• **Exercise aim**
Every record is to be returned as written, with no omissions.

(Data under study Opens)

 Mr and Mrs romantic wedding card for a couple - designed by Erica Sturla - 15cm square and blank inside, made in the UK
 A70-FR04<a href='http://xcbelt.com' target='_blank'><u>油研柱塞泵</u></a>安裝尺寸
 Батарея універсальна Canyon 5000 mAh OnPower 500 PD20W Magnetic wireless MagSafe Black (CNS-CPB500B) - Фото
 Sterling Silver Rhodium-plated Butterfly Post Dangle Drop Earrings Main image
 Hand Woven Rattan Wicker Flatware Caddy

(Data under study Closes)

• **Answer to this exercise**
 Mr and Mrs romantic wedding card for a couple - designed by Erica Sturla - 15cm square and blank inside, made in the UK
 A70-FR04<a href='http://xcbelt.com' target='_blank'><u>油研柱塞泵</u></a>安裝尺寸
 Батарея універсальна Canyon 5000 mAh OnPower 500 PD20W Magnetic wireless MagSafe Black (CNS-CPB500B) - Фото
 Sterling Silver Rhodium-plated Butterfly Post Dangle Drop Earrings Main image
 Hand Woven Rattan Wicker Flatware Caddy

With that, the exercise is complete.